Data below: Begin

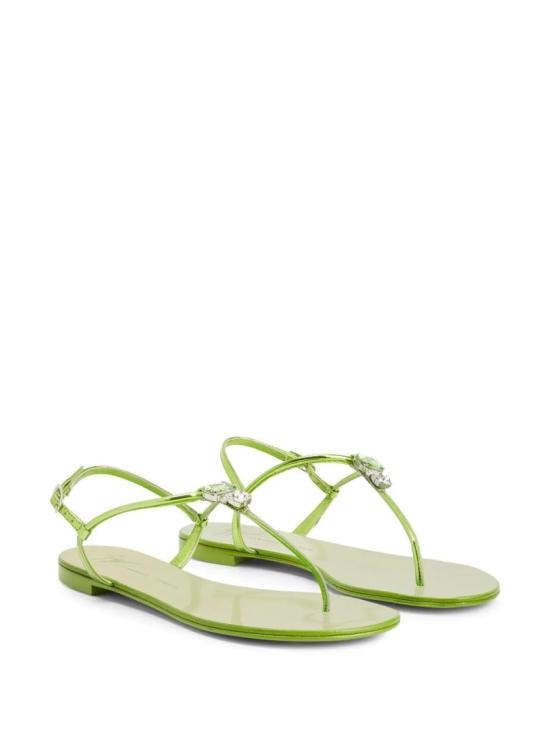  쥬세페자노티 샌들 E300025 002 Green - GIUSEPPE ZANOTTI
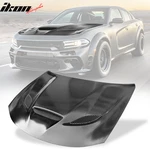 Srt Hellcat Style Aluminum Hood Scoopvent Fits 2015-2023 Dodge Charger. Fixed Price $641.25.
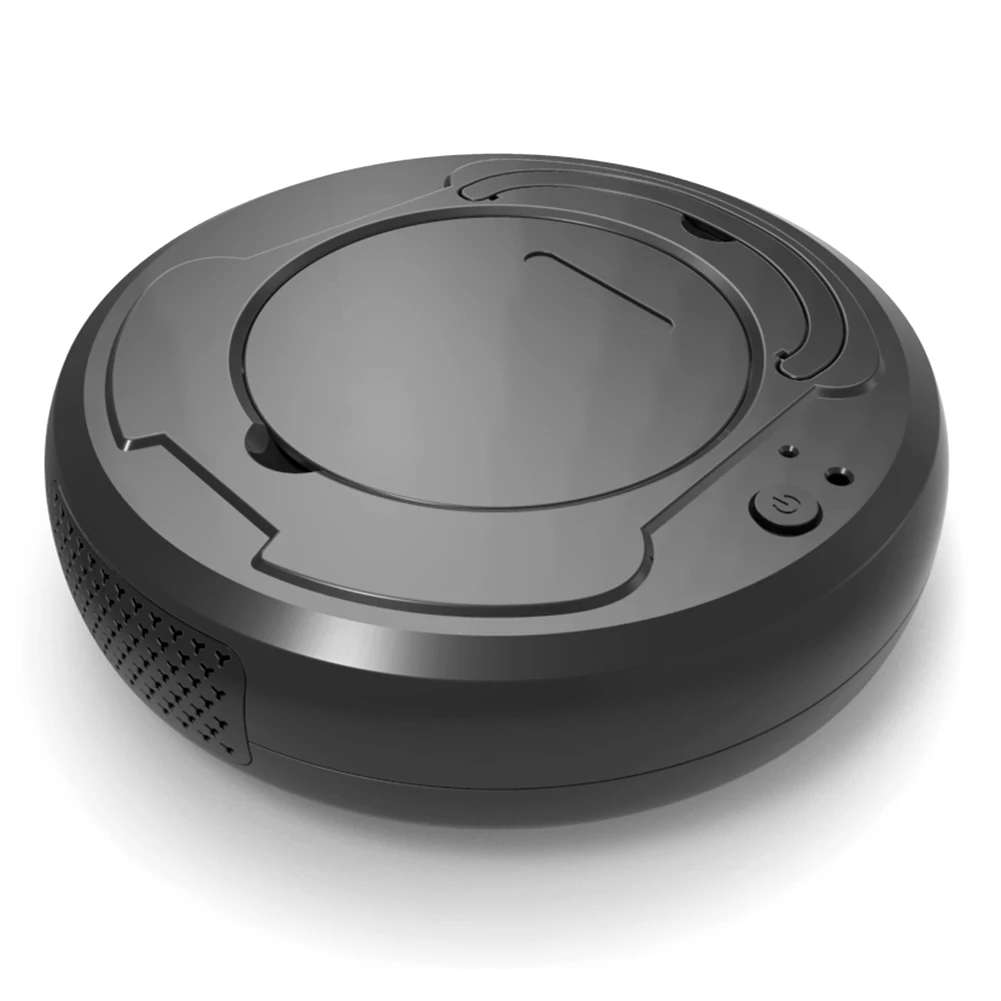 

3 In 1 Wooden Floor Automatic Dust Sterilize Vacuum Cleaner Set Marble Intelligent Robot USB Household Charging Bagless Sweeping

Data below: End

Aim of the task: The data above should be set down again exactly, with the pictures omitted.

Completed exercise:
  쥬세페자노티 샌들 E300025 002 Green - GIUSEPPE ZANOTTI
 Srt Hellcat Style Aluminum Hood Scoopvent Fits 2015-2023 Dodge Charger. Fixed Price $641.25.

3 In 1 Wooden Floor Automatic Dust Sterilize Vacuum Cleaner Set Marble Intelligent Robot USB Household Charging Bagless Sweeping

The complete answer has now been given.